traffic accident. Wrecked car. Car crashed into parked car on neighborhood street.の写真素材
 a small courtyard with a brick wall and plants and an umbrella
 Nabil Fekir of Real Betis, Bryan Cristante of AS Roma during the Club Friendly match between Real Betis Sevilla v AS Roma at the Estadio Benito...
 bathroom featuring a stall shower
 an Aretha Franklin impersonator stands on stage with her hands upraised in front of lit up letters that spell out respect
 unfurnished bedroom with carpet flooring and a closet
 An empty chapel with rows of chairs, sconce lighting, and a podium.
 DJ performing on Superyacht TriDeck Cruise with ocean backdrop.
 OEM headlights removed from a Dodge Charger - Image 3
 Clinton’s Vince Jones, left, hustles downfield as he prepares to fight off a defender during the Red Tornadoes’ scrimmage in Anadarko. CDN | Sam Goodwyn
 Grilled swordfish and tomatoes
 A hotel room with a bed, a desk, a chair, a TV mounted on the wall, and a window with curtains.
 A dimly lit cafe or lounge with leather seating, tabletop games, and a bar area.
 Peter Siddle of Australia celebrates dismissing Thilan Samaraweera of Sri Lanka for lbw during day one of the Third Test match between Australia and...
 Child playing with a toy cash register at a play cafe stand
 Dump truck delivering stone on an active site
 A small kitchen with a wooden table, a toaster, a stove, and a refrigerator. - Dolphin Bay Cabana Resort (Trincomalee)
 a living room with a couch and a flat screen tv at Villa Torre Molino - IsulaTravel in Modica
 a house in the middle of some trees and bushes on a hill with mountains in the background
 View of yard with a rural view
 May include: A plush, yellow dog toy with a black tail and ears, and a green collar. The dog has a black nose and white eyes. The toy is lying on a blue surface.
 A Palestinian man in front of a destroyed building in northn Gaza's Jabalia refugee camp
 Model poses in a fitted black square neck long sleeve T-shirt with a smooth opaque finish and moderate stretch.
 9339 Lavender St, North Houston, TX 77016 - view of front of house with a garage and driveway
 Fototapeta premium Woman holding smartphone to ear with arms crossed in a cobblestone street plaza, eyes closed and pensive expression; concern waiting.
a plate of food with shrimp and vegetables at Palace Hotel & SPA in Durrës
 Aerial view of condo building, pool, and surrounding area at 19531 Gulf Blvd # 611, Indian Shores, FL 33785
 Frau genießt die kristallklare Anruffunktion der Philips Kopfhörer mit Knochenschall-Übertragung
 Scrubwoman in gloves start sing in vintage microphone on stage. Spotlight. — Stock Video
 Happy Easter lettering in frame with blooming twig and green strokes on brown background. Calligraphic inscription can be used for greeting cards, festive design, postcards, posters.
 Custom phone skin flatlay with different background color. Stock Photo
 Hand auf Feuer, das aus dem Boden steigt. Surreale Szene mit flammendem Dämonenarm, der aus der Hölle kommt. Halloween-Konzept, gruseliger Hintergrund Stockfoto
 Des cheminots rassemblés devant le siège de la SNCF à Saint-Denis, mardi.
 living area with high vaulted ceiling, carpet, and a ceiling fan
============
* **Task goal**
In the material above, transcribe exactly the lines beginning at the one with "OEM headlights removed" and ending at the one with "Fototapeta premium Woman", both included.

* **Problem solution**
 OEM headlights removed from a Dodge Charger - Image 3
 Clinton’s Vince Jones, left, hustles downfield as he prepares to fight off a defender during the Red Tornadoes’ scrimmage in Anadarko. CDN | Sam Goodwyn
 Grilled swordfish and tomatoes
 A hotel room with a bed, a desk, a chair, a TV mounted on the wall, and a window with curtains.
 A dimly lit cafe or lounge with leather seating, tabletop games, and a bar area.
 Peter Siddle of Australia celebrates dismissing Thilan Samaraweera of Sri Lanka for lbw during day one of the Third Test match between Australia and...
 Child playing with a toy cash register at a play cafe stand
 Dump truck delivering stone on an active site
 A small kitchen with a wooden table, a toaster, a stove, and a refrigerator. - Dolphin Bay Cabana Resort (Trincomalee)
 a living room with a couch and a flat screen tv at Villa Torre Molino - IsulaTravel in Modica
 a house in the middle of some trees and bushes on a hill with mountains in the background
 View of yard with a rural view
 May include: A plush, yellow dog toy with a black tail and ears, and a green collar. The dog has a black nose and white eyes. The toy is lying on a blue surface.
 A Palestinian man in front of a destroyed building in northn Gaza's Jabalia refugee camp
 Model poses in a fitted black square neck long sleeve T-shirt with a smooth opaque finish and moderate stretch.
 9339 Lavender St, North Houston, TX 77016 - view of front of house with a garage and driveway
 Fototapeta premium Woman holding smartphone to ear with arms crossed in a cobblestone street plaza, eyes closed and pensive expression; concern waiting.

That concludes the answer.